EXERCISE
Transcribe, exactly and in full, every record shown below, while omitting its images.

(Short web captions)
········
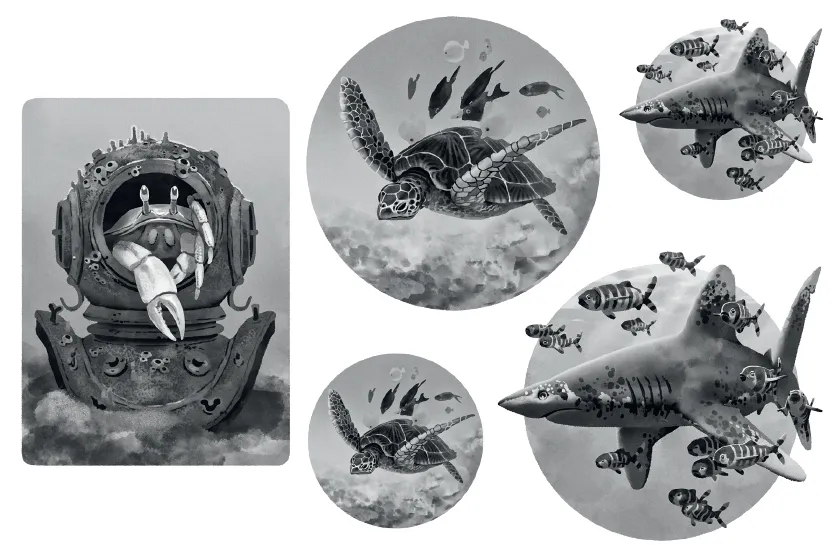 Tatouage éphémère Trésors des océans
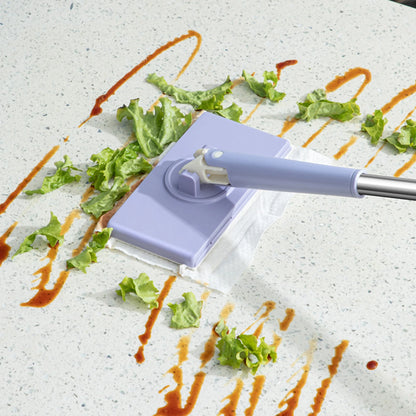 Solve & Shine Quick Clean: Mini Mop with Swappable Cloths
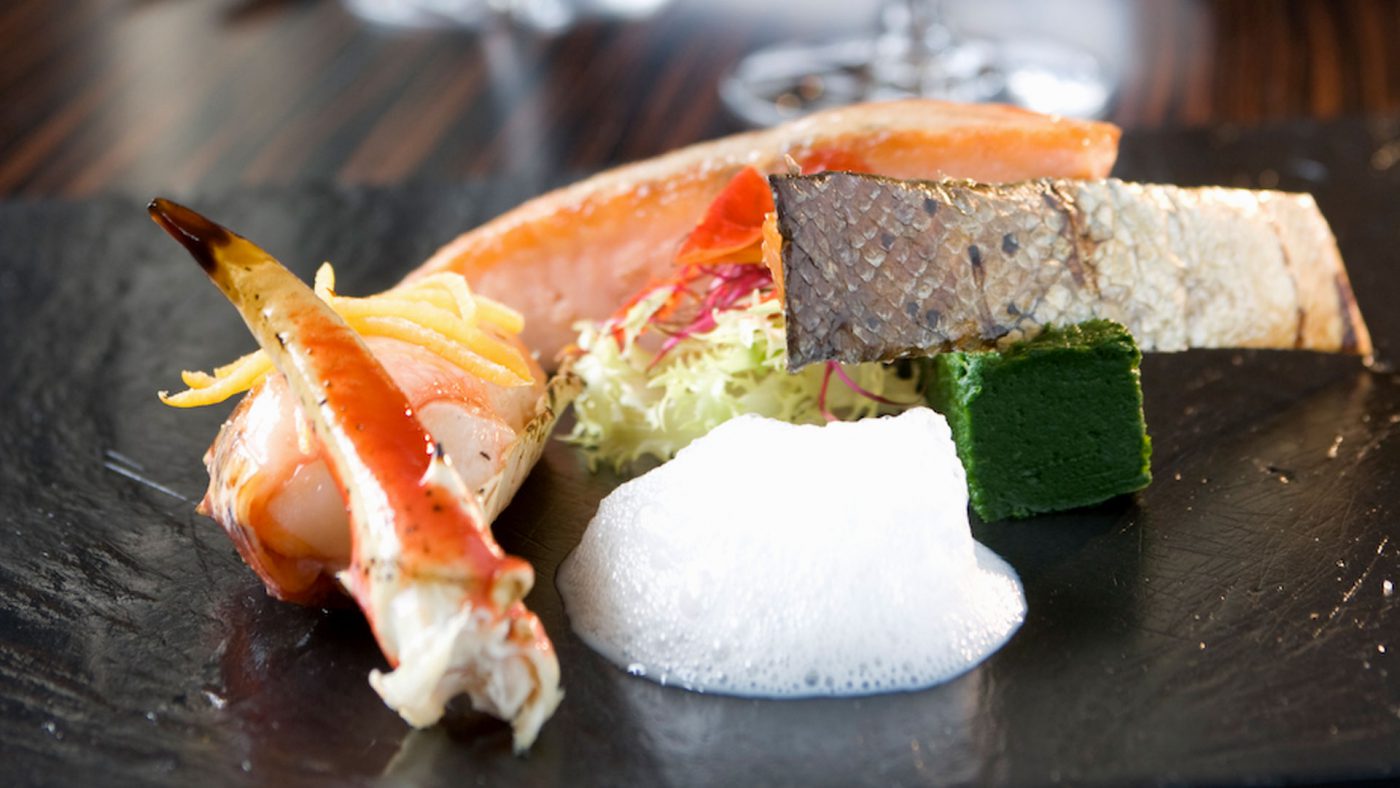 Cyrille Billot Restaurant, Mets Plat poisson crustacé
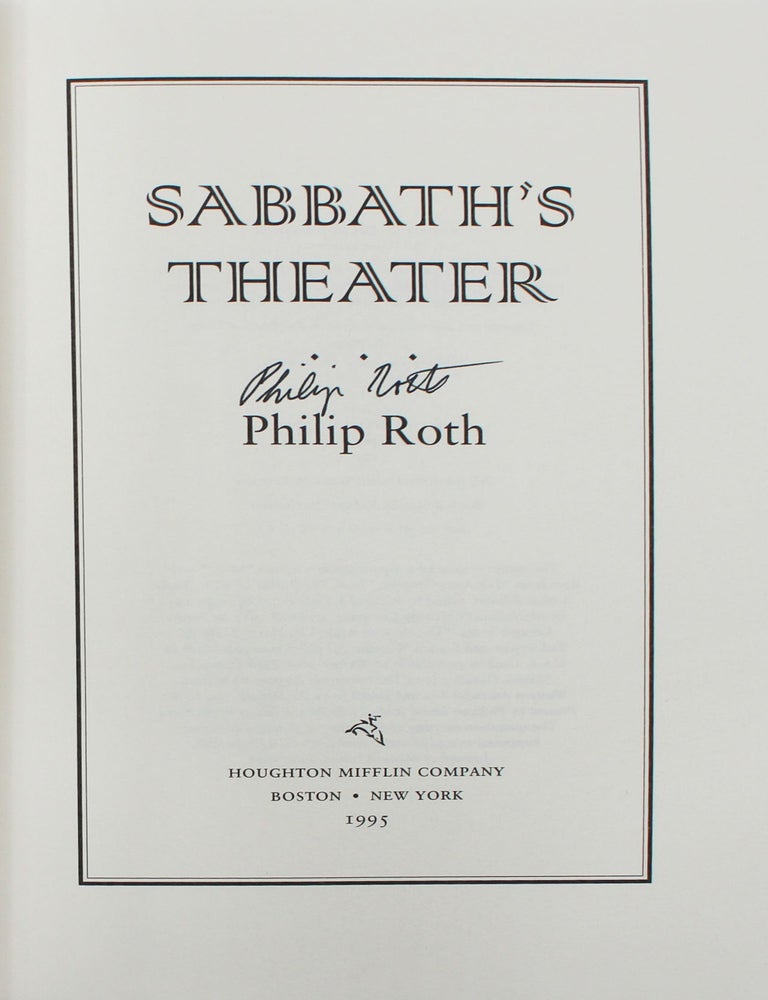 Sabbath's Theater (2/2)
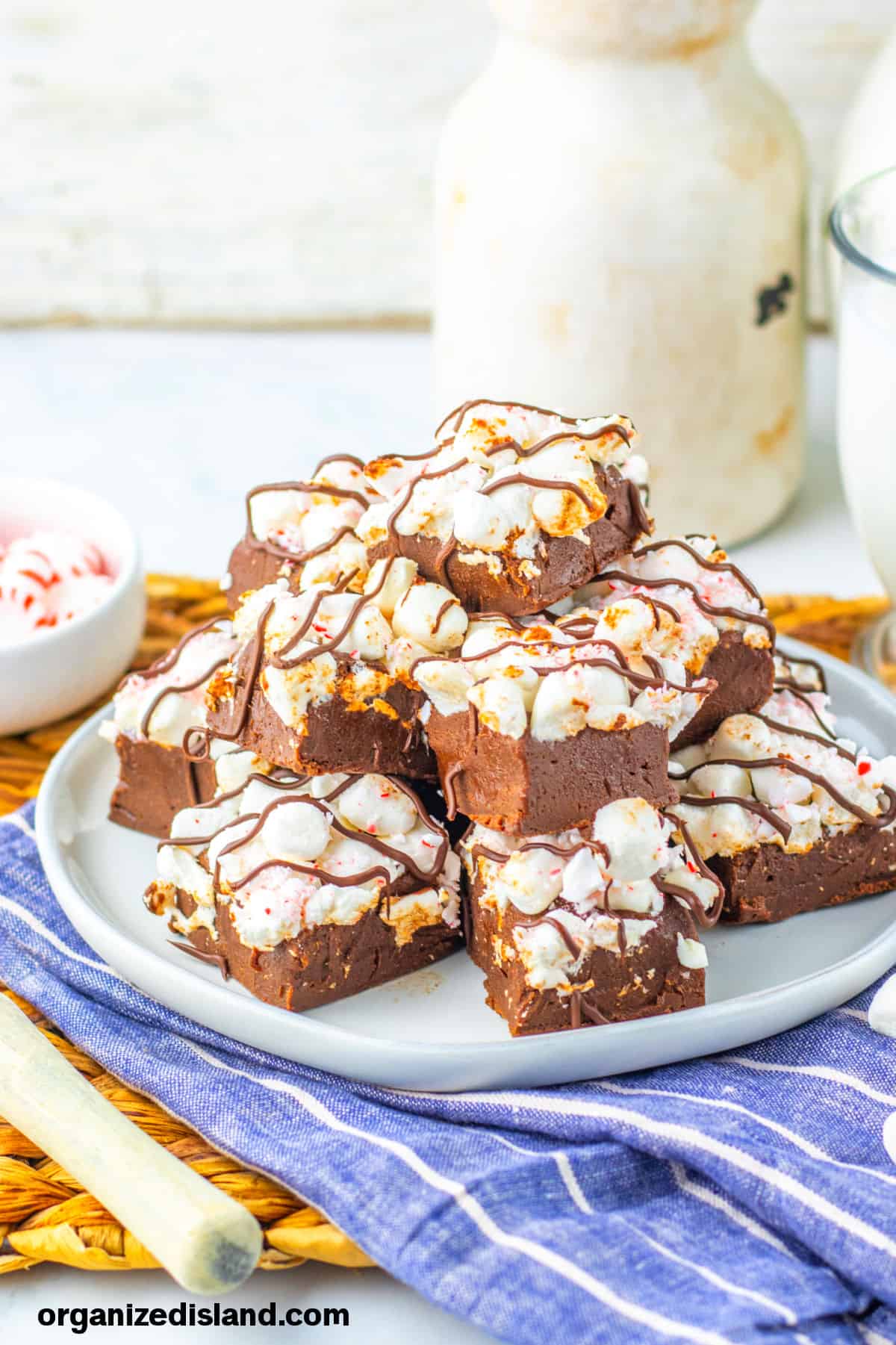 Easy Milk Chocolate Peppermint Fudge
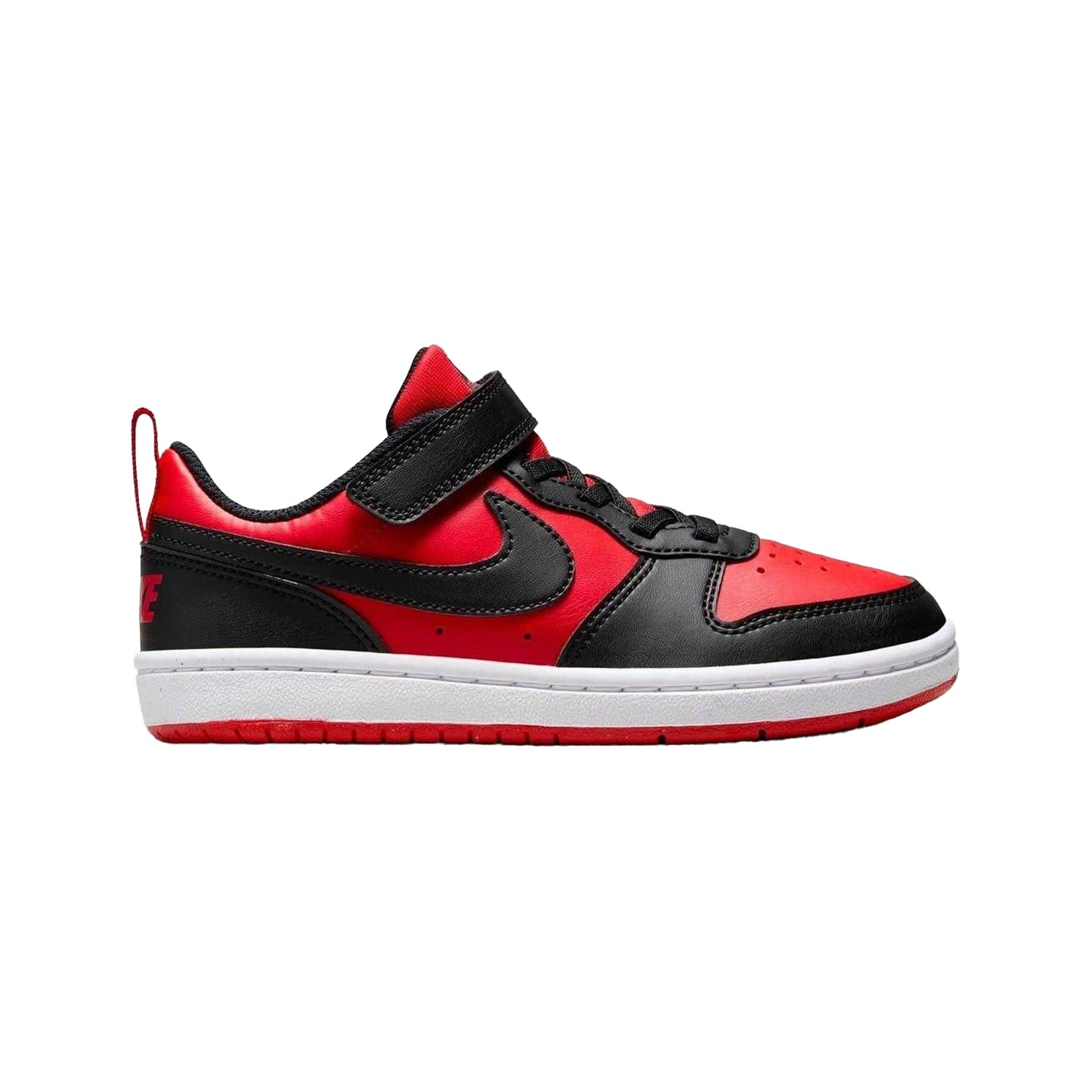Red-Black - Front - Nike Boys Court Borough Cupsole Trainers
········
RESULT
 Tatouage éphémère Trésors des océans
 Solve & Shine Quick Clean: Mini Mop with Swappable Cloths
 Cyrille Billot Restaurant, Mets Plat poisson crustacé
 Sabbath's Theater (2/2)
 Easy Milk Chocolate Peppermint Fudge
Red-Black - Front - Nike Boys Court Borough Cupsole Trainers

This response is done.